Filed by Allego N.V.
Pursuant to Rule 425 under the Securities Act of 1933
and deemed filed pursuant to Rule 14a-12
under the Securities Exchange Act of 1934
Subject Company: Allego N.V.
Commission File No. 001-41329
Date: September 22, 2023
Allego N.V. Announces Extension of Exchange Offer and Consent Solicitation Relating to Warrants
ARNHEM, Netherlands September 22, 2023 Allego N.V. (NYSE: ALLG) (Allego or the Company) today
announced the extension of the expiration date of its exchange offer (the Offer) and consent solicitation (the Consent Solicitation) relating to its outstanding warrants to purchase ordinary shares of the
Company, nominal value 0.12 per share (the Ordinary Shares), which warrants trade on the New York Stock Exchange (the NYSE) under the symbol ALLG.WS (the Warrants). As
a result of the extension, the Offer is now scheduled to expire at Midnight (end of day), Eastern Time, on September 28, 2023, or such later time and date to which the Company may extend, as described in the Companys Schedule TO and
Prospectus/Offer to Exchange (the Expiration Date). Tendered Warrants may be withdrawn by holders at any time prior to the Expiration Date. In addition, tendered Warrants may be withdrawn by holders at any time after the
expiration of forty business days from the commencement of the Offer, if the Warrants have not yet been accepted by the Company for exchange.
The
Offer and Consent Solicitation were previously scheduled to expire at Midnight (end of day), Eastern Time, on September 22, 2023. The other terms of the Offer and Consent Solicitation are as set forth in the Prospectus/Offer to Exchange dated
August 25, 2023, and Schedule TO, dated August 25, 2023, each as amended and supplemented from time to time, and each of which have been filed with the U.S. Securities and Exchange Commission (SEC) and more fully set
forth the terms and conditions of the Offer and Consent Solicitation.
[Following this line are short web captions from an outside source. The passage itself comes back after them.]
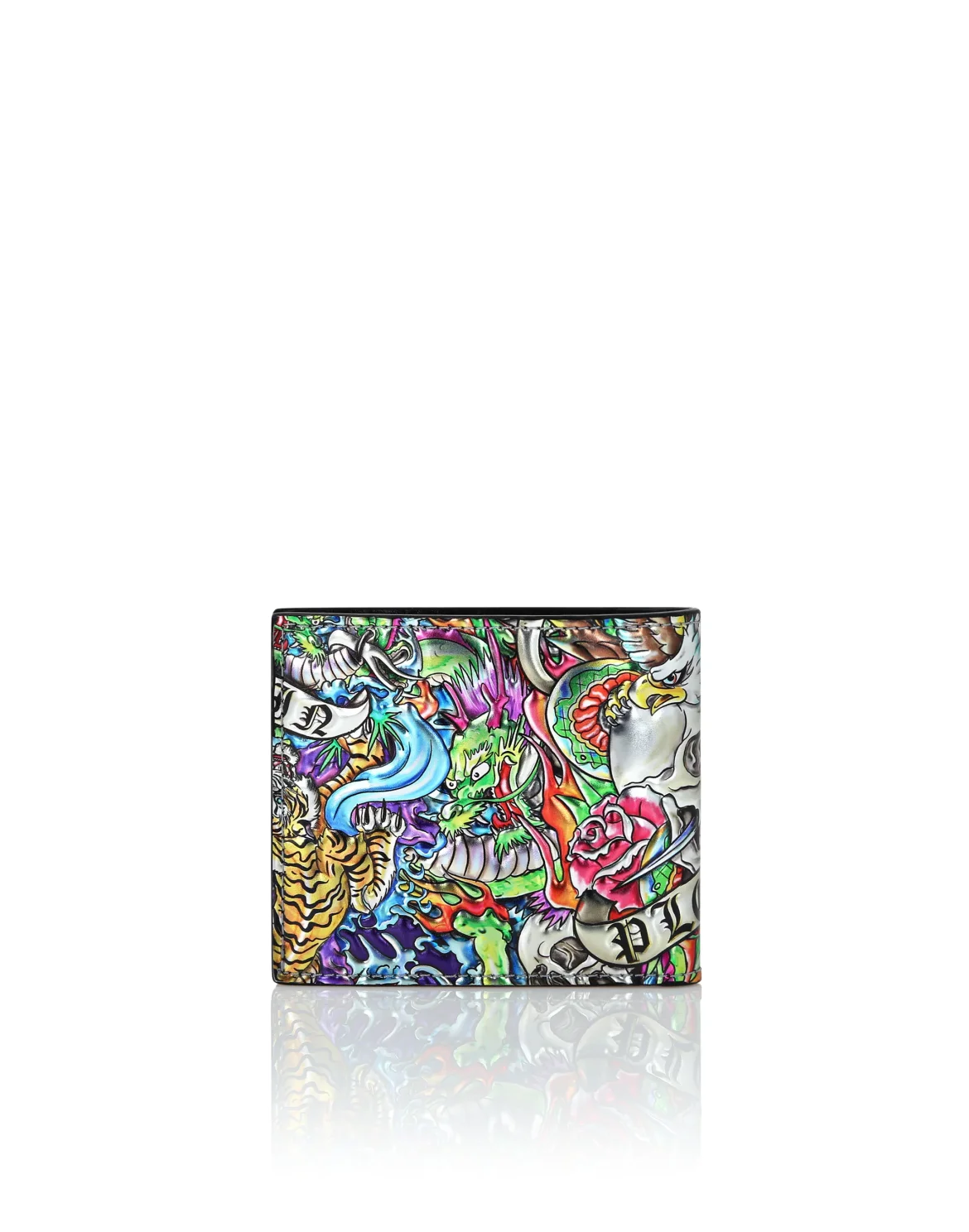 Mirror Leather French Wallet Tattoo, цвет: Серебристый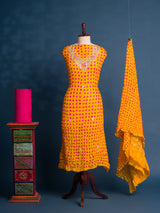 KcPc Trending Art Silk Bandhani Gharchola With Gota patti Work suit KML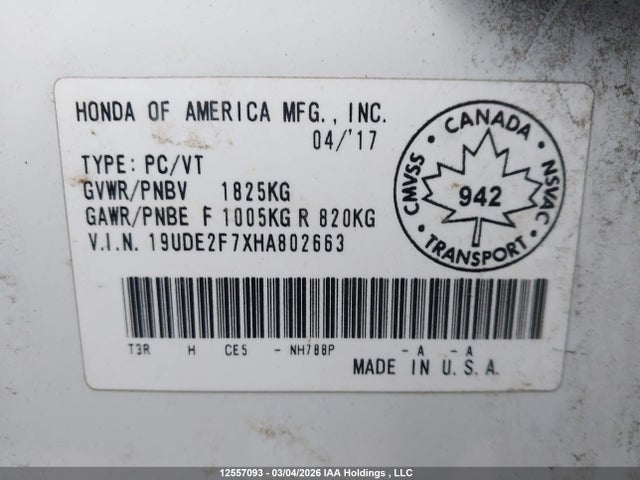 19UDE2F7XHA802663 Acura ILX
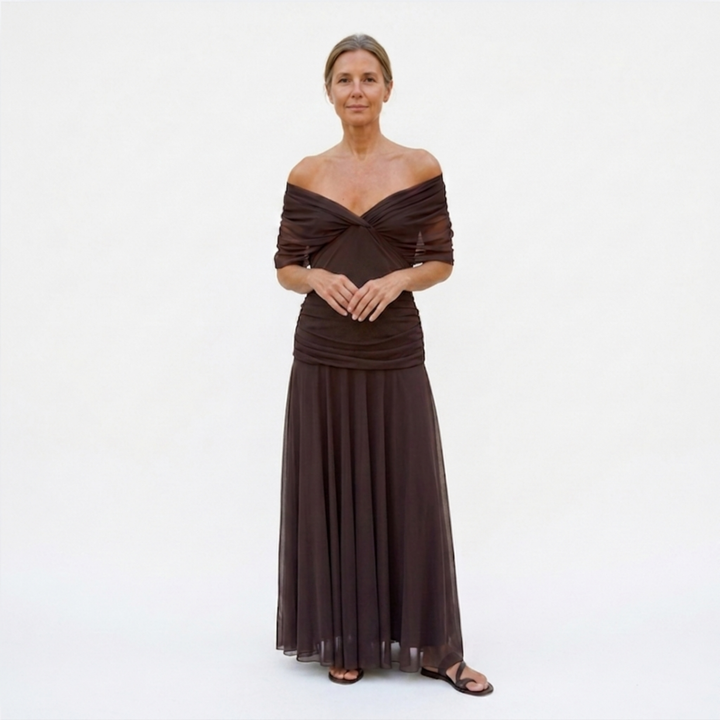 Maxi Dress Flared Skirt V Neck Floaty Sleeve Occasion Style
Concurrently with the Offer, the Company is also soliciting consents from holders
of the Warrants to amend the warrant agreement that governs all of the Warrants (the Warrant Agreement) to permit the Company to require that each Warrant that is outstanding upon the closing of the Offer be converted into 0.207
Ordinary Shares, which is a ratio 10% less than the exchange ratio applicable to the Offer (the Warrant Amendment). Pursuant to the terms of the Warrant Agreement, all except certain specified modifications or amendments require
the vote or written consent of holders of at least 50% of the number of the then outstanding Warrants. Parties representing approximately 30.4% of the Warrants have agreed to tender their Warrants in the Offer and to consent to the Warrant Amendment
in the Consent Solicitation, pursuant to a tender and support agreement. Accordingly, if holders of an additional approximately 19.6% of the outstanding Warrants consent to the Warrant Amendment in the Consent Solicitation, and the other conditions
of the Offer are satisfied or waived, then the Warrant Amendment will be adopted.
As of 5:00 p.m., Eastern Time, on September 21, 2023, 6,793,364
Warrants, or approximately 49.2% of the outstanding Warrants, had been validly tendered and not validly withdrawn.
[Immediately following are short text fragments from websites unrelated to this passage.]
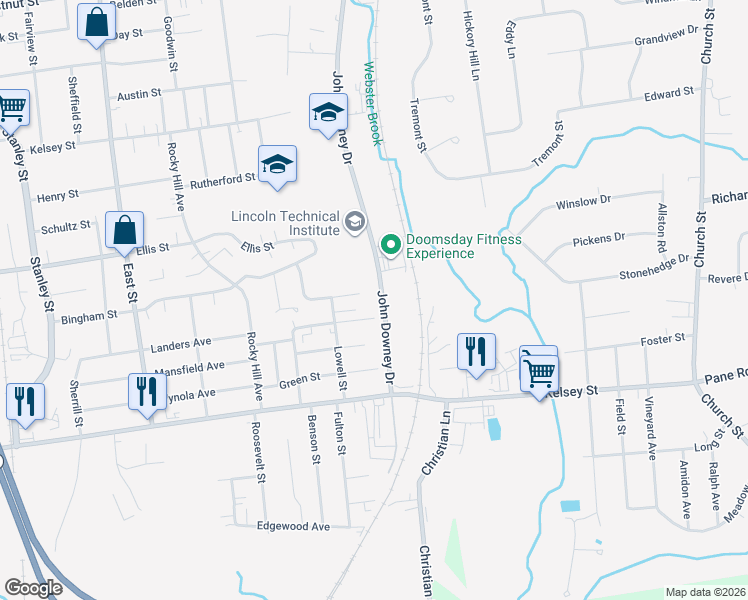 map of restaurants, bars, coffee shops, grocery stores, and more near 99 John Downey Drive in New Britain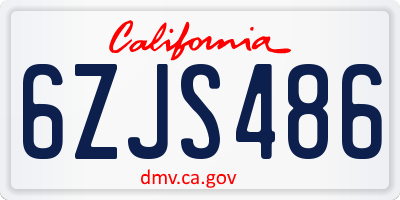 CA license plate 6ZJS486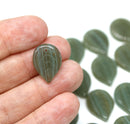 18x13mm Dark gray large leaves, Czech glass beads, 15Pc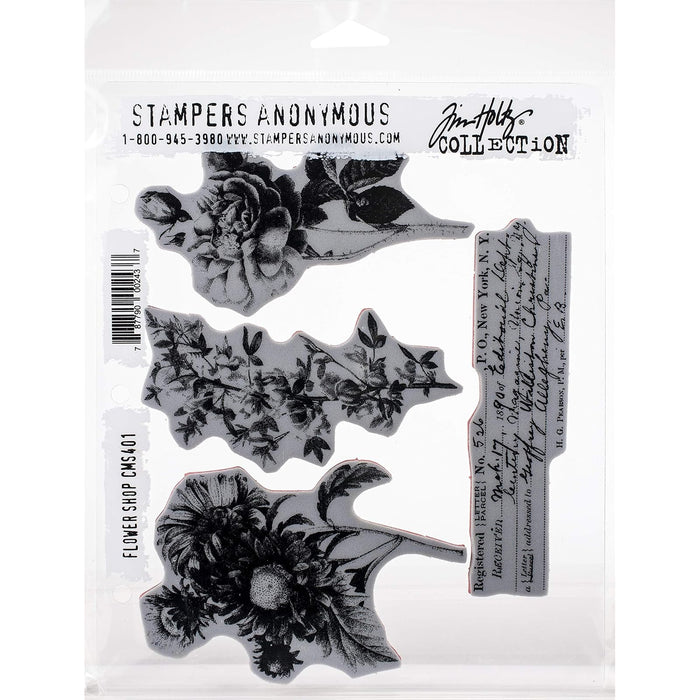 Stampers Anonymous Rubber Stamp, 7 x 8.5 inches, Flower Shop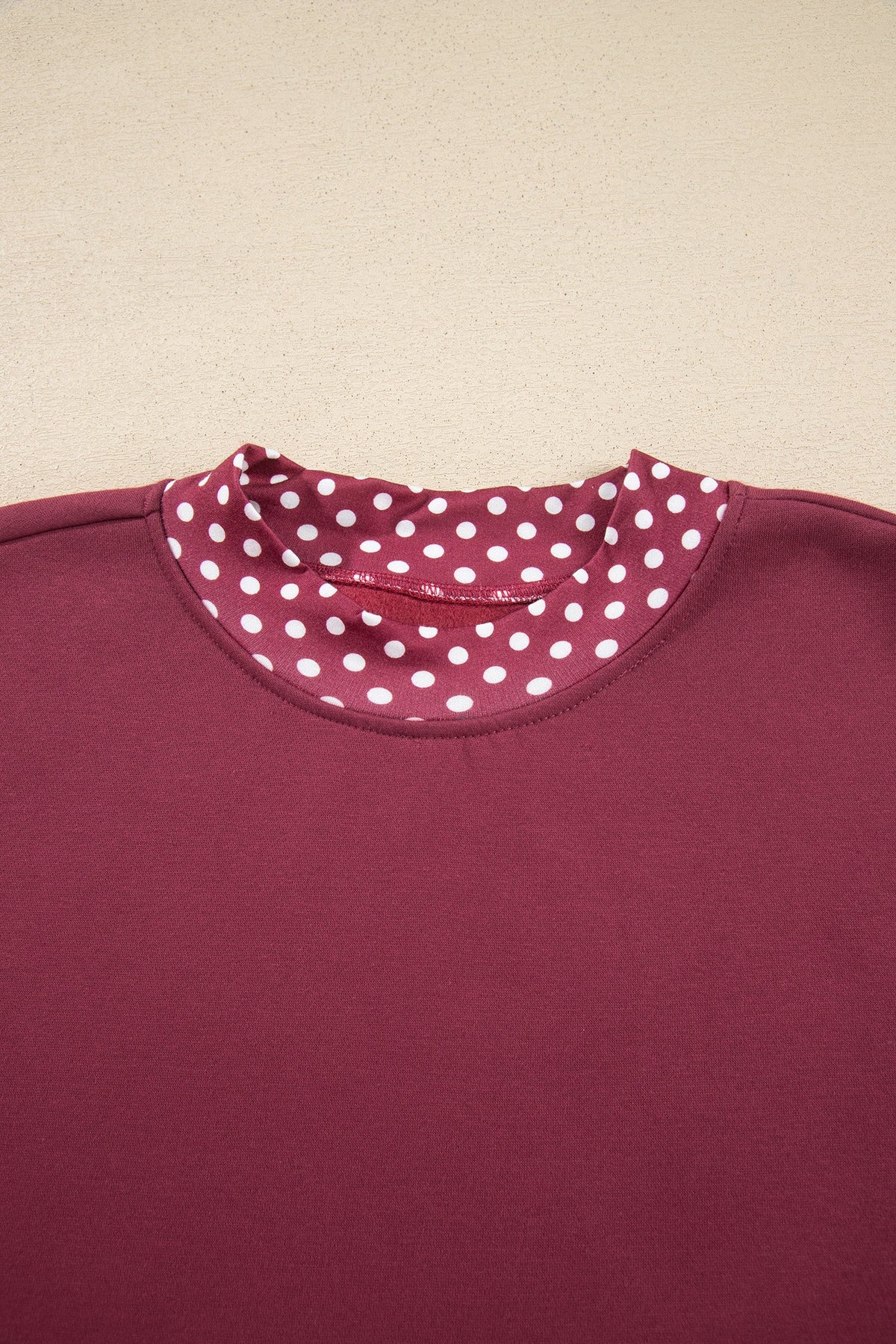 Polka Dot Contrast Trim Mock Neck Sweatshirt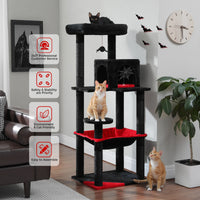 Cat Tree 143cm, 5-Level with Sisal Posts, Hammock, Condo & Top Perch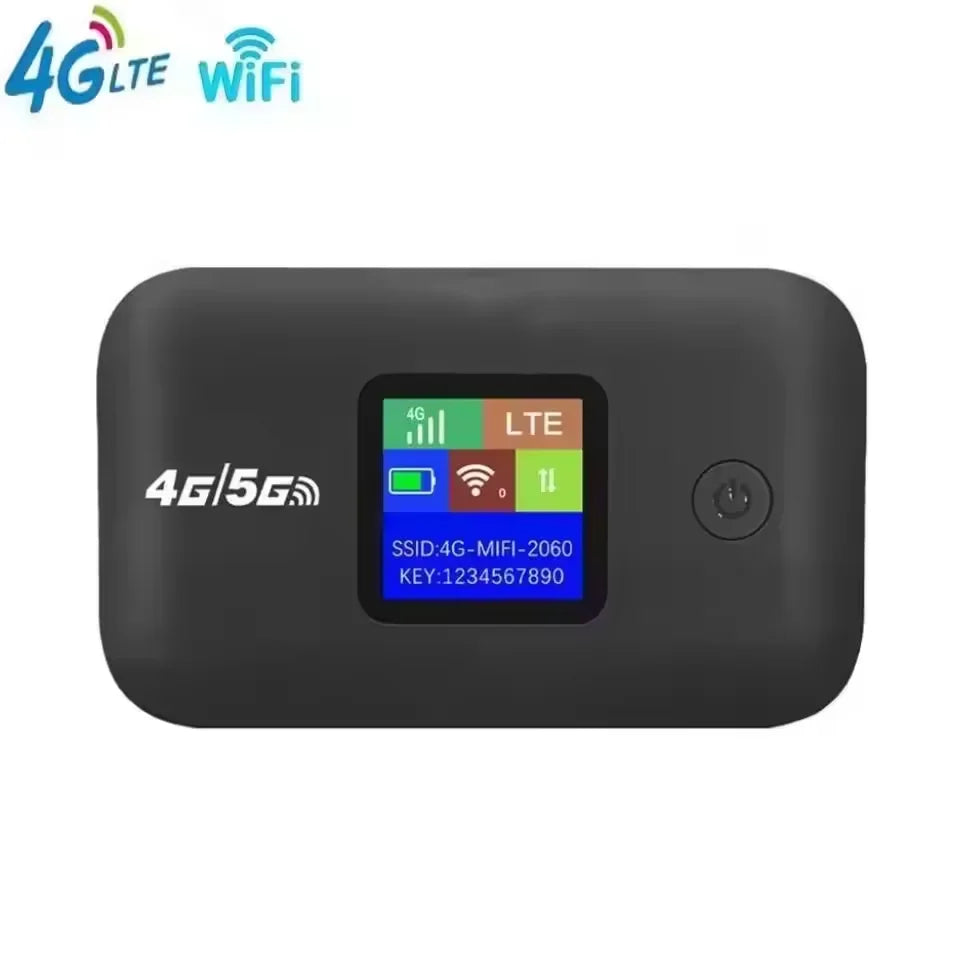 Small, black portable 4G LTE Wi-Fi router with a clear LCD status screen and side power button.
The Companys Ordinary Shares and
Warrants are listed on the NYSE under the symbols ALLG and ALLG.WS, respectively. As of September 18, 2023, a total of 13,799,948 Warrants were outstanding.
The Company has engaged BofA Securities, Inc. as the dealer manager for the Offer and Consent Solicitation. Any questions or requests for assistance
concerning the Offer and Consent Solicitation may be directed to BofA Securities, Inc. at:
BofA Securities
NC1-022-02-25
201 North Tryon Street
Charlotte, NC 28255-0001
Attn: Prospectus Department
Email:
dg.prospectus_requests@bofa.com
D.F. King & Co., Inc. has been appointed as the information agent for the Offer and Consent Solicitation,
and Continental Stock Transfer & Trust Company has been appointed as the exchange agent. Requests for documents should be directed to D.F. King & Co., Inc. at (800) 967-7635 (for warrant
holders) or (212) 269-5550 (for banks and brokers) or via the following email address: allego@dfking.com.
Important Additional Information Has Been Filed with the SEC
Copies of the Schedule TO and Prospectus/Offer to Exchange will be available free of charge at the website of the SEC at www.sec.gov. Requests for documents
may also be directed to D.F. King & Co., Inc. at (800) 967-7635 (for warrant holders) or (212) 269-5550 (for banks and brokers) or via the following email
address: allego@dfking.com. A registration statement on Form F-4 relating to the securities to be issued in the Offer has been filed with the SEC but has not yet become effective. Such securities may
not be sold nor may offers to buy be accepted prior to the time the registration statement becomes effective.